Pour un plus ample exposé des faits, moyens et prétentions des parties, il est renvoyé aux écritures de celles-ci conformément aux dispositions de l’article 455 du code de procédure civile.
L’ordonnance de clôture a été prononcée le 10 septembre 2024. L’affaire a été fixée à l’audience de plaidoirie du 25 novembre 2024 et elle a été mise en délibéré au 27 janvier 2025.
MOTIFS DE LA DÉCISION
A titre liminaire, il n’est pas contesté que la société M&S vient aux droits de la société Villa Marceau et qu’elle a donc la qualité d’appelante à l’instance.
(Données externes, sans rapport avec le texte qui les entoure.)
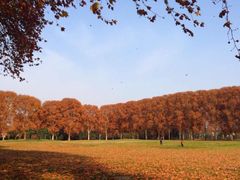 iphone_upload_pic-河南省黄河迎宾馆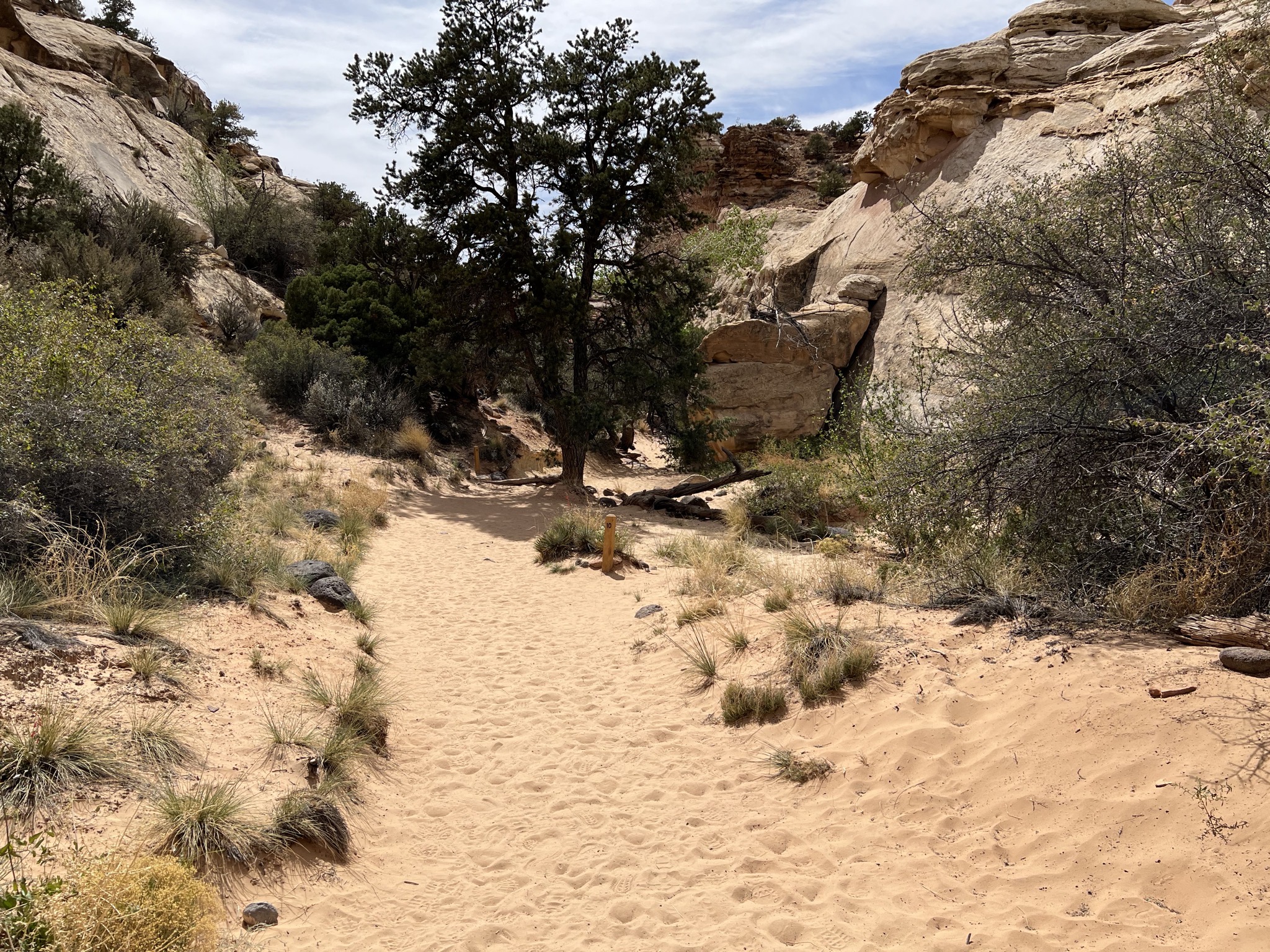 Hickman Bridge trail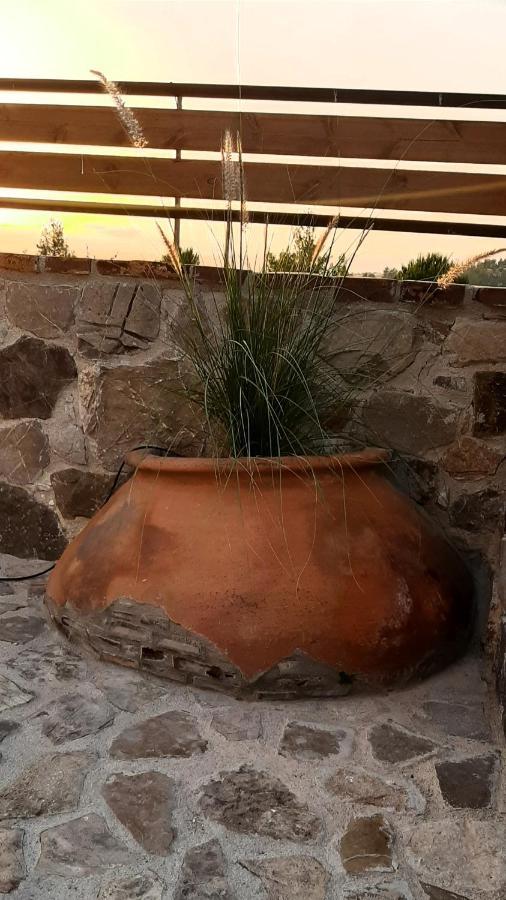 Savvas Brian Mountain House In Paphos Pendalia Exterior photo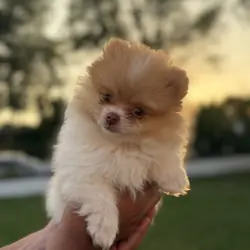 Pomeranian puppy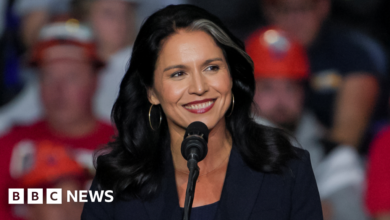 Who is Tulsi Gabbard, Trump's new director of national intelligence?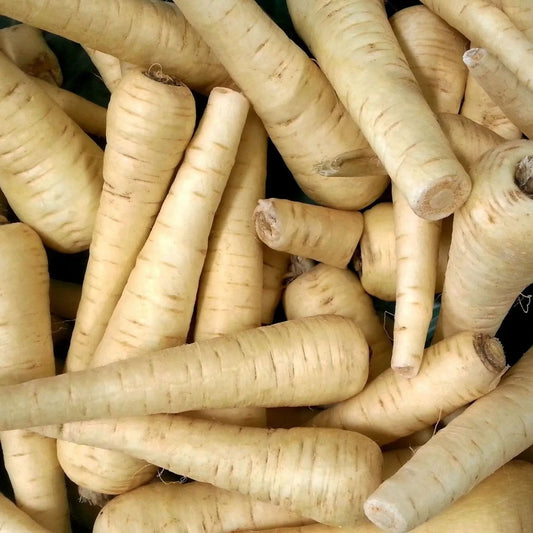 Parsnip Seeds - Harris Model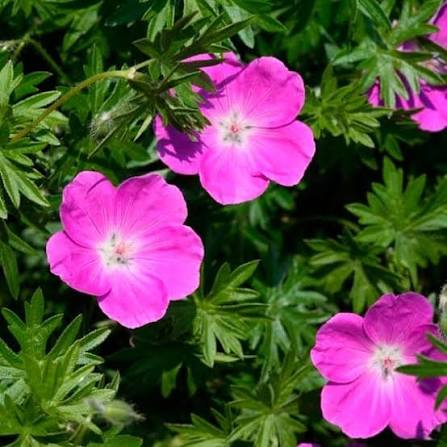 Geranium Max Frei gal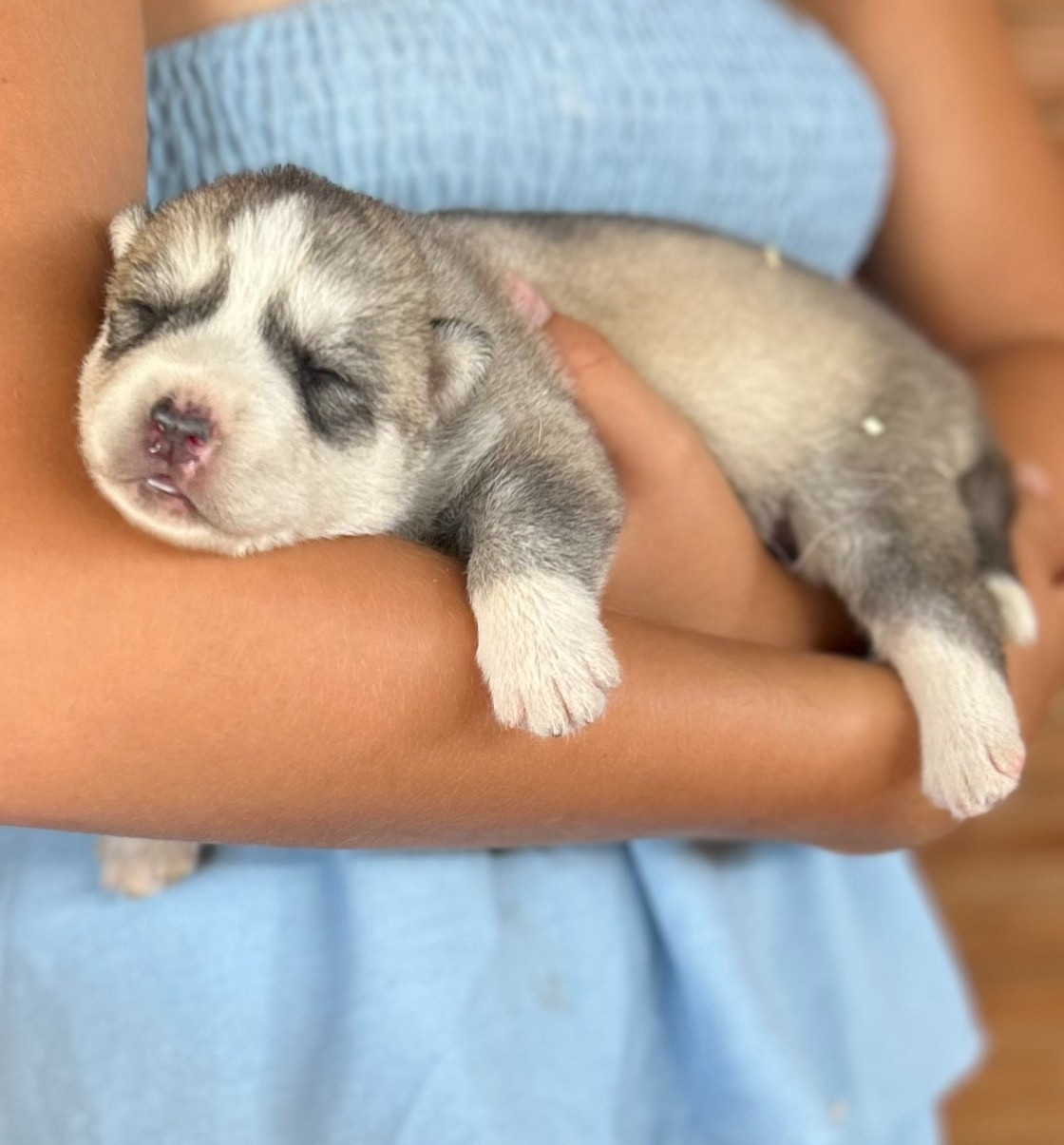 Du domaine pacifique - Chiots disponibles - Siberian Husky
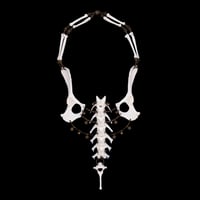 Image 4 of "Gian" Dog Vertebrae and Pelvic Bone Necklace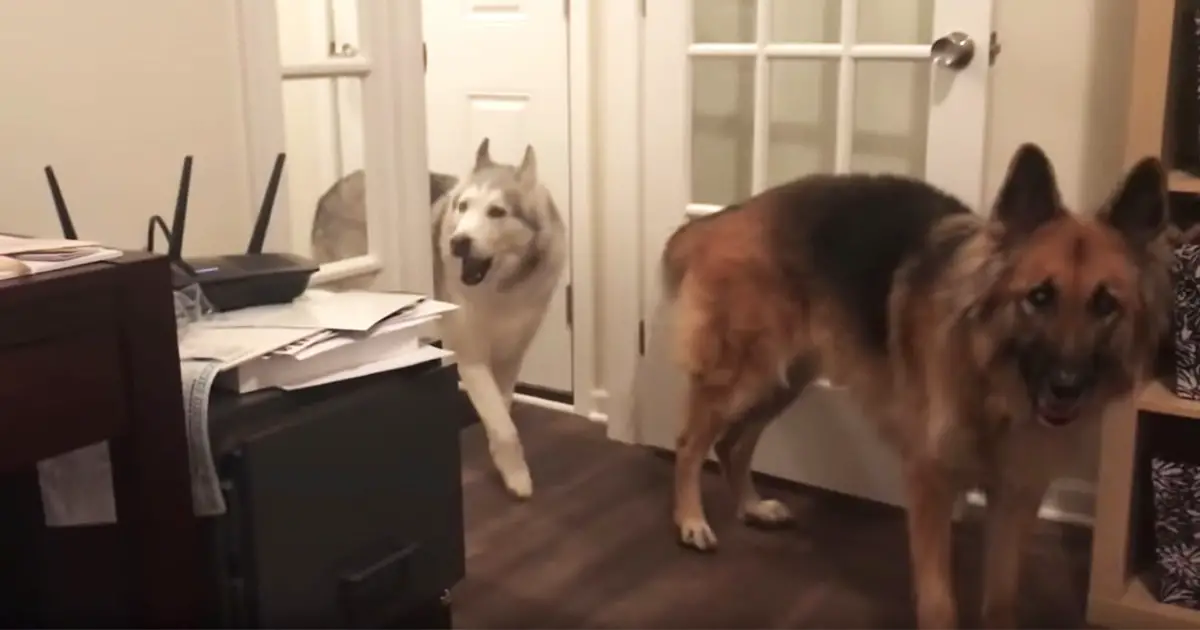 complaining-husky-in-house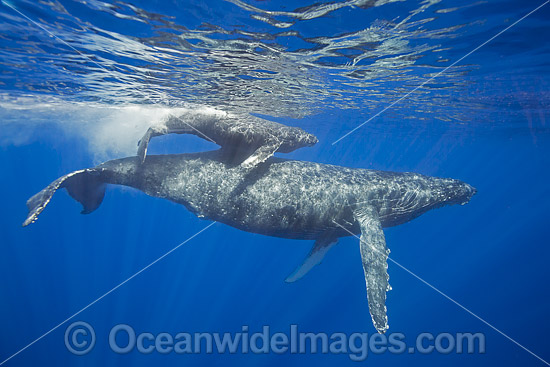 Humpback Whale mother with calf photo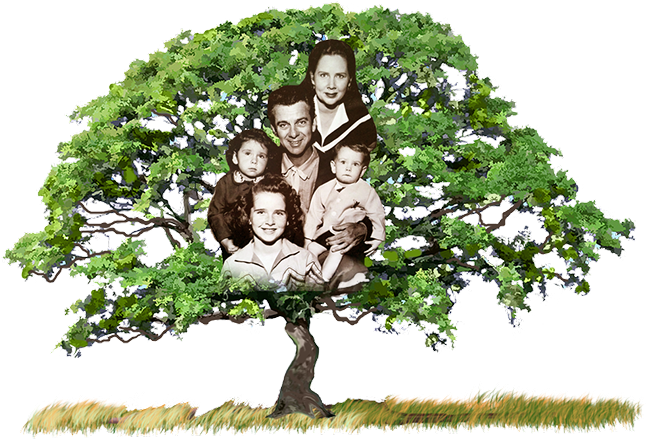 Currently, I've Enjoyed Working In A Variety Of Venues, - Oak Tree (710x515), Png Download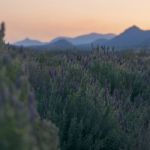 Beautiful Deep Purple Lavender Plants In Nature Stock Photo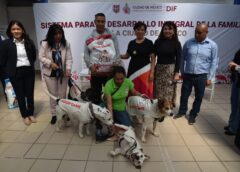 Apoyo inédito en la capital: DIF CDMX beneficiará a fundaciones de protección animal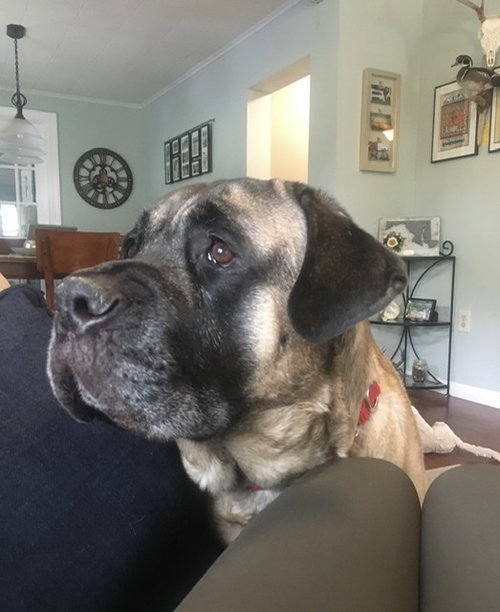 Bear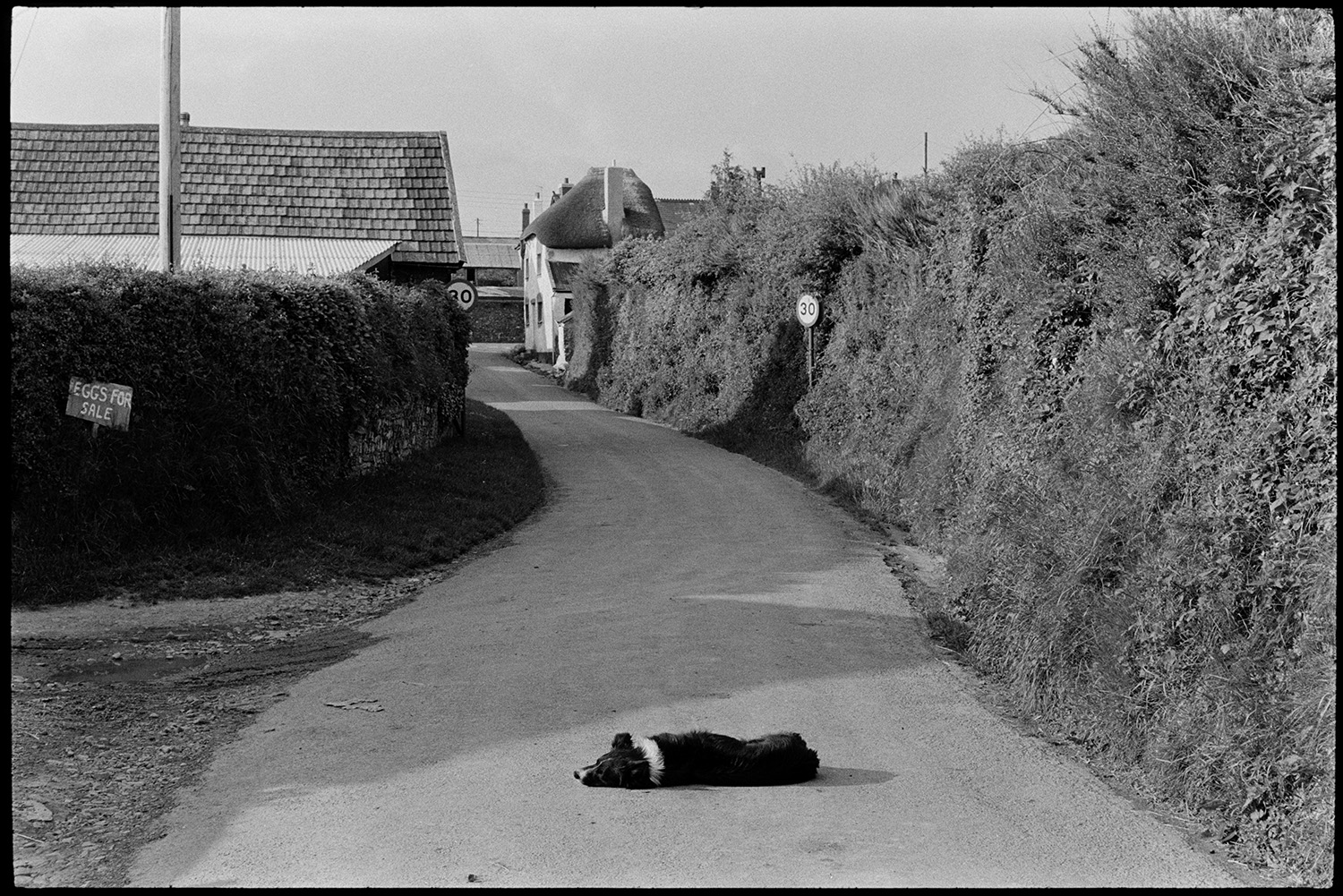 Scenes around village, comparison shots with old photos.
[A collie dog lying in the road next to an entrance, possibly to a farm, with an 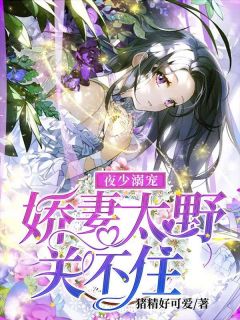 夜少溺宠:娇妻太野关不住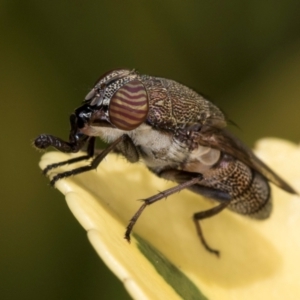 Stomorhina subapicalis at Melba, ACT - 21 Mar 2024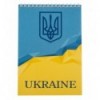 Блокнот BUROMAX UKRAINE, А-5, 48аркушів, клітка, картонна обкладинка, на пружині, блакитний
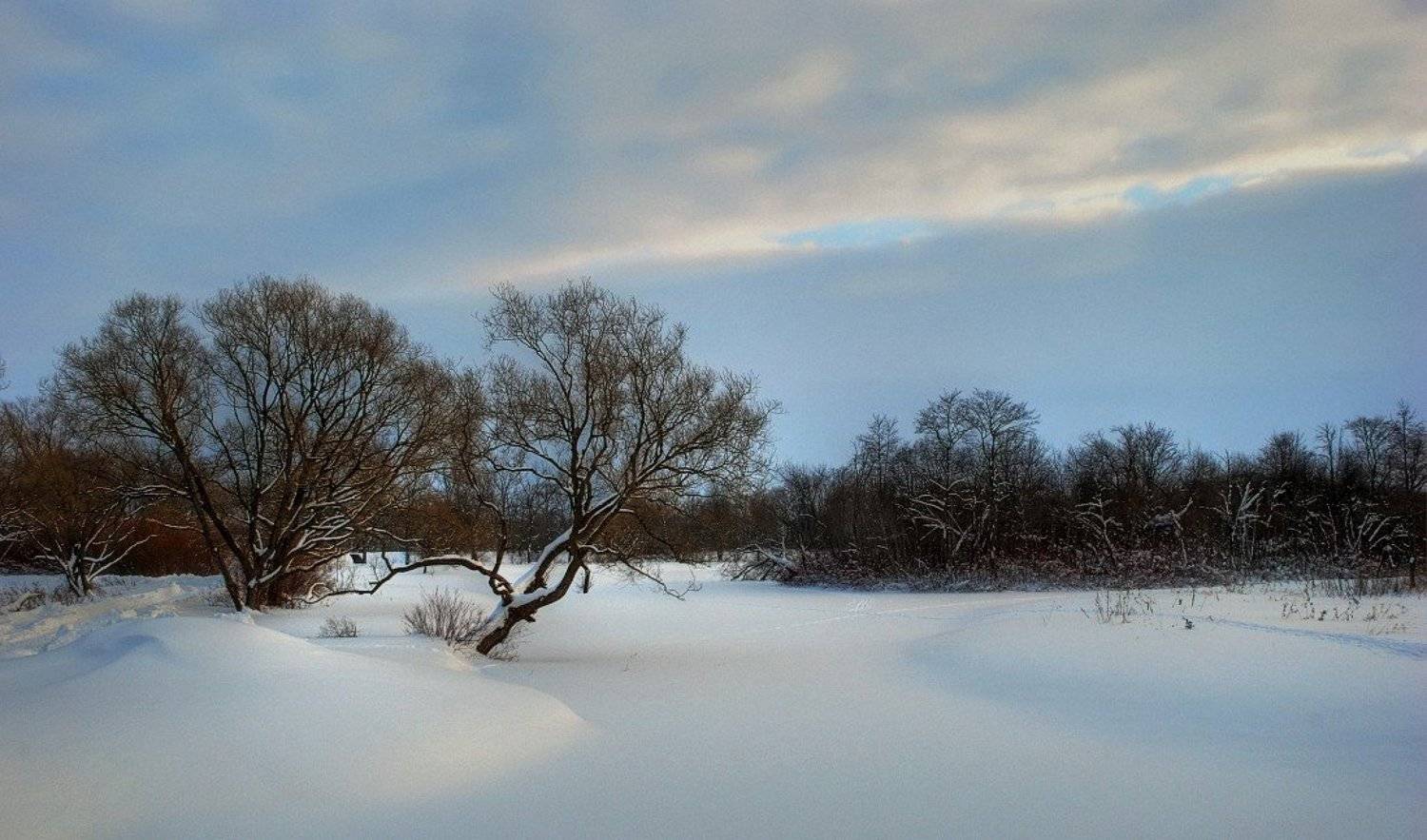 , Евгений Поздняков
Il est pris acte de son intervention volontaire.
Sur les demandes réciproques et le compte à faire entre les parties
Sur les pénalités de retard et les frais de mise en régie des travaux
Les parties s’opposent sur la responsabilité de l’arrêt des travaux, la société M&S soutenant qu’il est de la seule faute de la société Jean Letuvé qui n’a pas rempli ses obligations à son égard en ne livrant pas les travaux contractuellement prévus dans le délai imposé, alors que la société Jean Letuvé affirme que cet arrêt lui a été imposé eu égard aux conditions du chantier, soit la coupure de l’électricité par une des entreprises dont les prestations n’étaient pas payées par le maître d’ouvrage et par le non-paiement de ses situations par ce dernier.
La société M&S lui réclame les frais et surcoûts de mise en régie des travaux de 23 912,39 euros TTC ou, subsidiairement, 13 212,32 euros TTC.
Elles s’accordent donc sur le fait que les travaux ont été interrompus et que le montant des travaux partiellement effectués par la société Jean Letuvé s’élèvent de 12 214,10 euros TTC.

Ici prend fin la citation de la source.